[[ Data supplied open ]]

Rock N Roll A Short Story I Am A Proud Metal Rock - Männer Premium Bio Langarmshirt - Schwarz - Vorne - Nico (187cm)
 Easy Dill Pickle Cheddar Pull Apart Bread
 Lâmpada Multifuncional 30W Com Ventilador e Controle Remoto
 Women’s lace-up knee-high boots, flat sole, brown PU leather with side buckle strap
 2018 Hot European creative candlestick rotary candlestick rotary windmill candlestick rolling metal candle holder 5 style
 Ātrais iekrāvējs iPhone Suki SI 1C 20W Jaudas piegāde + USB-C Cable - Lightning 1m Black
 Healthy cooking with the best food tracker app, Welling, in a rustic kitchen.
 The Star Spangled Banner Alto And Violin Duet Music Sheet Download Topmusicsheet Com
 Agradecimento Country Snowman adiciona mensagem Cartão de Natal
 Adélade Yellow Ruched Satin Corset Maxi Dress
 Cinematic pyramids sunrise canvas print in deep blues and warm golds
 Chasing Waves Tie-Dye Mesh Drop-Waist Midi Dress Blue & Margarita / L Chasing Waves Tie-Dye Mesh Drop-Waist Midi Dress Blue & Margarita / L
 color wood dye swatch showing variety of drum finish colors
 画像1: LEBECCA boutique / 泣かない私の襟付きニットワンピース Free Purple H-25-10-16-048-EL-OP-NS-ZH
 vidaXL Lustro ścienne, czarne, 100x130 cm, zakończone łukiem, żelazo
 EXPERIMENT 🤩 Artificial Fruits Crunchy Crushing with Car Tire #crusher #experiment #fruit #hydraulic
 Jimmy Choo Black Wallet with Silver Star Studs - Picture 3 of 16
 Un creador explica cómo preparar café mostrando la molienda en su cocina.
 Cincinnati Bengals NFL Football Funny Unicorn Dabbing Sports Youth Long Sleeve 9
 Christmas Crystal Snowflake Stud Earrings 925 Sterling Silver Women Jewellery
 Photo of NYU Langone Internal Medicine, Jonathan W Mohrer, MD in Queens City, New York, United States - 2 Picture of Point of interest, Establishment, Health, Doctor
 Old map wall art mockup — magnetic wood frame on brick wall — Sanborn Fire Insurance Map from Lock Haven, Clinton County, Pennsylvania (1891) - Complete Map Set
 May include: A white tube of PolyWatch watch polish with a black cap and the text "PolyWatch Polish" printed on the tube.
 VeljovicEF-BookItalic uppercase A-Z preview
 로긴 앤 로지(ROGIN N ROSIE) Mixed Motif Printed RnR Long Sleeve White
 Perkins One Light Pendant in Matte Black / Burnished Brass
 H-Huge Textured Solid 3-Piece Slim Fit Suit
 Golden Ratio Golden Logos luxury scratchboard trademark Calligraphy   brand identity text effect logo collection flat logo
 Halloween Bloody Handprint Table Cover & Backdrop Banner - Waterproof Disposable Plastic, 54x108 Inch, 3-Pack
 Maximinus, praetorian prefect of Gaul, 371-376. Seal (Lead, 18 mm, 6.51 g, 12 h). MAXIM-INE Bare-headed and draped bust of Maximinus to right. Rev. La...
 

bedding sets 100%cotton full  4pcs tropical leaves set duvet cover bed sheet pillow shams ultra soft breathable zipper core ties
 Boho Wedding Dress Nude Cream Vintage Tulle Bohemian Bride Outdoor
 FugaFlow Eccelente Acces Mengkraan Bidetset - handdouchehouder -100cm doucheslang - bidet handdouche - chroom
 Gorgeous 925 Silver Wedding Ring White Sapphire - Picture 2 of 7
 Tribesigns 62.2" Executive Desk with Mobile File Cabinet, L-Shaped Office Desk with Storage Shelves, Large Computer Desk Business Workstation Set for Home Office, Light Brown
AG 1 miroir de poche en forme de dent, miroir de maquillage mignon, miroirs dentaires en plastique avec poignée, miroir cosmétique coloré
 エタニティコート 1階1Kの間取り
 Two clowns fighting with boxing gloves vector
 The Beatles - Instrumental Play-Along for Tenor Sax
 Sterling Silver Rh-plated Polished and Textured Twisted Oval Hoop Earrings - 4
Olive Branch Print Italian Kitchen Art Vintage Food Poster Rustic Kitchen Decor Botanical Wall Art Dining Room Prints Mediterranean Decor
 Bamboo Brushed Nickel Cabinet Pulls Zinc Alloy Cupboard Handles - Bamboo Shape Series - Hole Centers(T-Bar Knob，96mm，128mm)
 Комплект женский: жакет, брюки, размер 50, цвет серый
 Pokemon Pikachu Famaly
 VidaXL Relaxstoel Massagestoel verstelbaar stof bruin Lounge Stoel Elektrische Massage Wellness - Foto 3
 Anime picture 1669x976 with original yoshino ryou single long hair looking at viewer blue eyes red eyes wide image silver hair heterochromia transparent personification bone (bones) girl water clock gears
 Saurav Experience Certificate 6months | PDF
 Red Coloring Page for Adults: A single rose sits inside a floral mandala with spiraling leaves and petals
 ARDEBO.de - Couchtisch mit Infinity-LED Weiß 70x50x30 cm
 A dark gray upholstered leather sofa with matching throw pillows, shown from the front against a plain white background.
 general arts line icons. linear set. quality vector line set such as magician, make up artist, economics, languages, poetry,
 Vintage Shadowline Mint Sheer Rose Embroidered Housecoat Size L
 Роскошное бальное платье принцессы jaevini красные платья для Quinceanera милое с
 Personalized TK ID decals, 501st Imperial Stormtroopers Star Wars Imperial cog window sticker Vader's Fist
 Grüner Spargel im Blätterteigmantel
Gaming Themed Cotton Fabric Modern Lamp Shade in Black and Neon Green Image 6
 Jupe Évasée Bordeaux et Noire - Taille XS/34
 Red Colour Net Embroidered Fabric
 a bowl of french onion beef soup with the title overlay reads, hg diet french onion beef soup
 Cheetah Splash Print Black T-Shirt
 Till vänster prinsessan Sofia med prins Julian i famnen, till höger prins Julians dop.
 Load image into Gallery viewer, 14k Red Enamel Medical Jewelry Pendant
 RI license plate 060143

[[ Data supplied closed ]]

How to complete this task: In the entries above, find every line with the word "leaves" and list it.

Solution to this problem:
bedding sets 100%cotton full  4pcs tropical leaves set duvet cover bed sheet pillow shams ultra soft breathable zipper core ties
 Red Coloring Page for Adults: A single rose sits inside a floral mandala with spiraling leaves and petals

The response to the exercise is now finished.